BEGIN RECORD SET

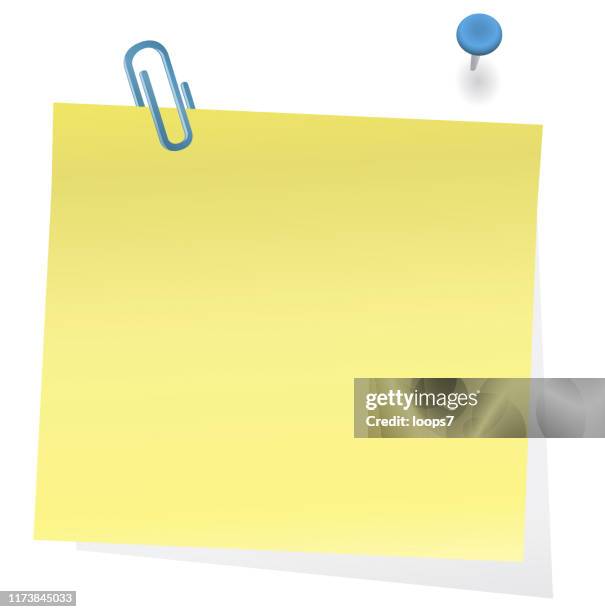 yellow sticky note - yellow post it notes stock illustrations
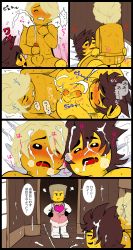 3boys anal blush cum cum_on_body cumdrip erection happy_sex highres lego male_focus male_penetrated multiple_boys naughty_face ninjago penis saliva sex shimotsuki_kitsune text_focus the_lego_group yaoi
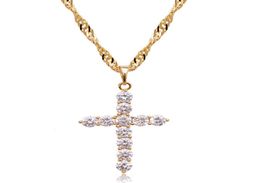 263P Full Zircon Cross Pendant Jewellery For Womne Men Gold Plated 18k Zircon Stone with 45cm Chain1526583
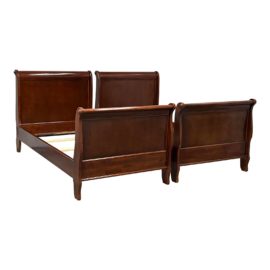 Twin Size 1990's Bombay & Company Double Twin Mahogany Bed Frames, a Pair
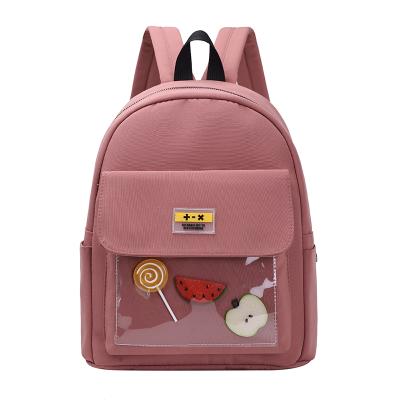 China Wholesale New Teenager Leisure Large Capacity Daily Or School Kids Backpack Cute Bookbags School Bags With Clear Pocket for sale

END RECORD SET

## ABOUT THIS TASK
Please set down only the lines from the one containing "263P Full Zircon" through the end of the entries, exactly as they stand, both ends included and with no pictures.

## ANSWER BOX
 263P Full Zircon Cross Pendant Jewellery For Womne Men Gold Plated 18k Zircon Stone with 45cm Chain1526583
 Twin Size 1990's Bombay & Company Double Twin Mahogany Bed Frames, a Pair
 China Wholesale New Teenager Leisure Large Capacity Daily Or School Kids Backpack Cute Bookbags School Bags With Clear Pocket for sale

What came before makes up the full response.